Comment Depends on the project (Score 4, Interesting) 25
When I was working in smaller analog ASICs we occasionally added pictures like these on the die. It sort of depends on the team and personality. In projects where the whole die was controlled by a small group (generally less than 10 people), you could do something like this. But recently working in teams where there are hundreds of people there are too many eyes scrutinizing every bit of space.

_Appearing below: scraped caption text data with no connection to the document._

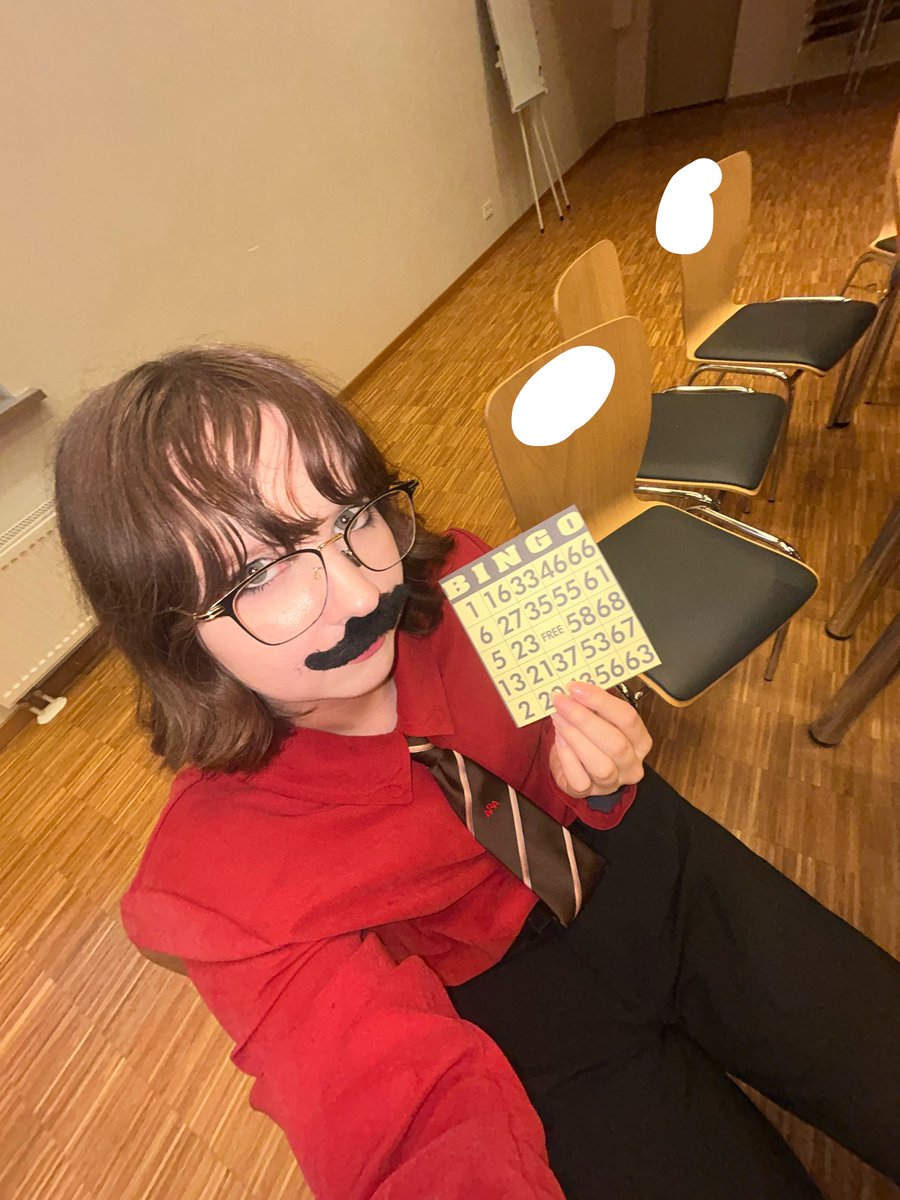 lev.🦦 tweet media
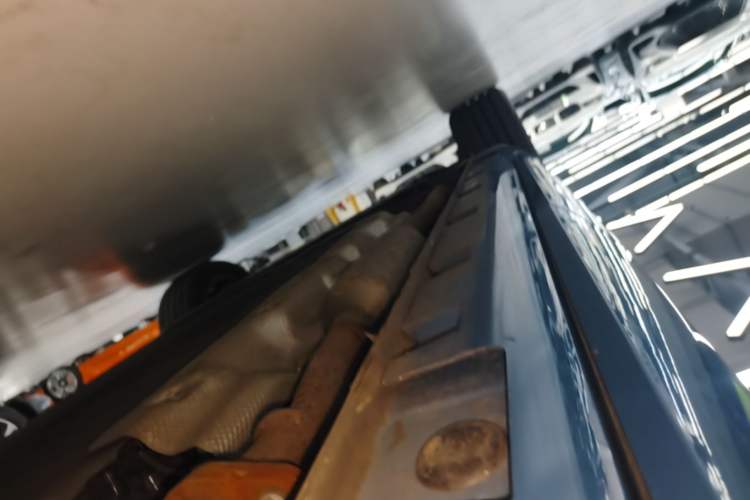 Used Hima H5 2025 Model Range-Extending Max Left Side Sill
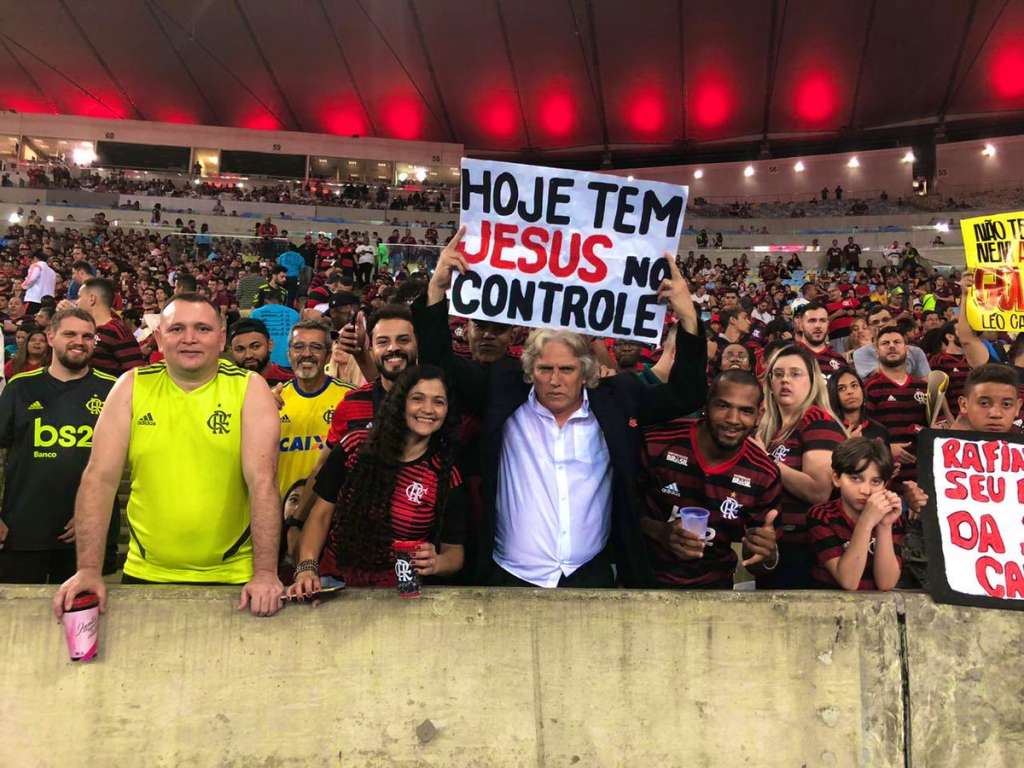 Jorge Jesus também foi lembrado nas arquibancadas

In addition, long ago, back on lower-end process nodes (eg. 0.25um+) there was not as hard requirements on density and fill. So it was easier to find open space on the die. But newer deep-submicron processes (anything below 40nm) has very strict requirements on density and fill. Usually any open space is back-filled with fill shapes to prevent problems in fabrication (shapes that are adjacent to large open spaces do not process equally to ones that are surrounded). So unless a section of the die is explicitly sectioned off, open areas are rare now.

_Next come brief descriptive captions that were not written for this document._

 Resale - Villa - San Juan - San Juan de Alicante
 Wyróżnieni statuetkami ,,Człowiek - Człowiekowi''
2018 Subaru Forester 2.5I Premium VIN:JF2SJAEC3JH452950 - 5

Another thing that is very common is an area where you will see numbers/letters, usually a grid of them. What happens is each layer in the stack will get a letter or number such that they don't overlap each other. Later on if the die gets a mask update (this can happen if metal-changes are done to fix bugs/errors) then the layer identifier will get updated. So looking at the die you can identify which masks were used to make it. This is useful if you have multiple revisions of an otherwise identical product.

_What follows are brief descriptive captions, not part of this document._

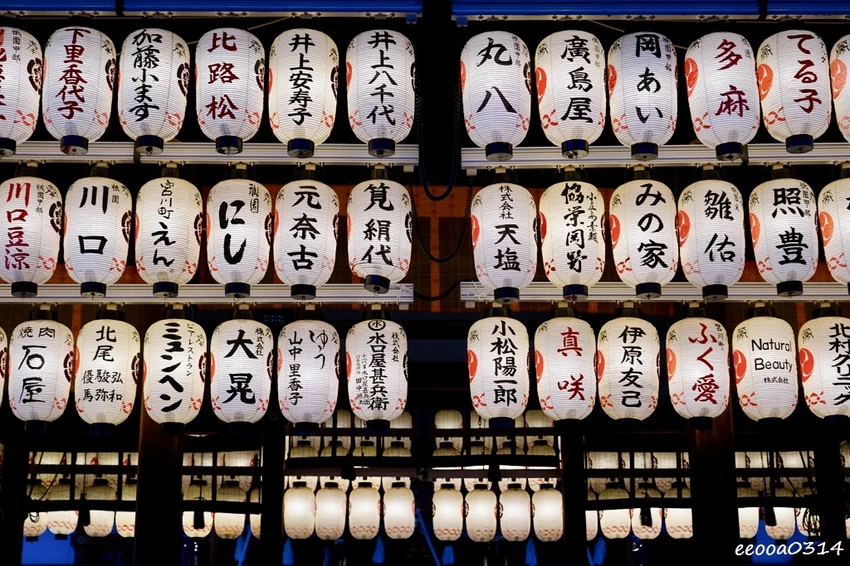 京都祇園半日散策｜高台寺、八坂神社必訪，入夜後點燈超美、攤販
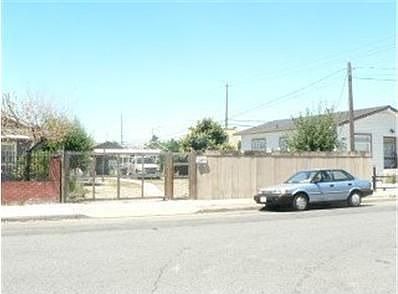 2nd image of 895 N 12th St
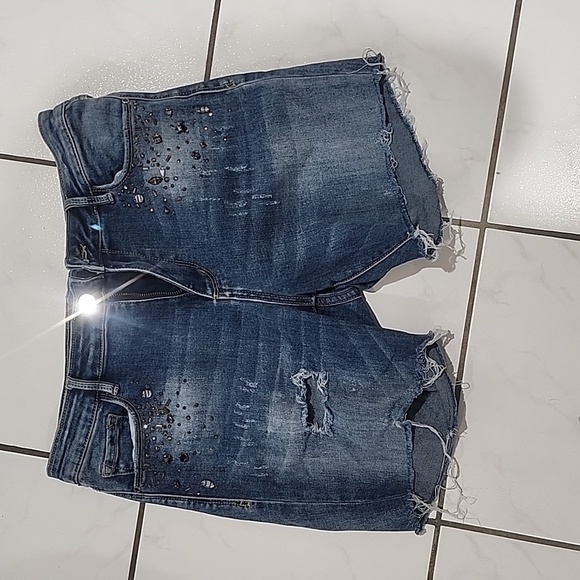 Bebe short - Picture 1 of 3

In college I also fabricated my own die through MOSIS for a research project (0.5um process IIRC). Of course when you control the whole die you can do anything you want, so I had to personalize it a bit.
An interesting one I saw once was a Pentium4 (I think). I had a bare die embedded in a clear keychain. Under the microscope they had a whole block sectioned off with what appeared to be the initials of everyone who worked on it. I sort of doubt Intel does that sort of thing anymore.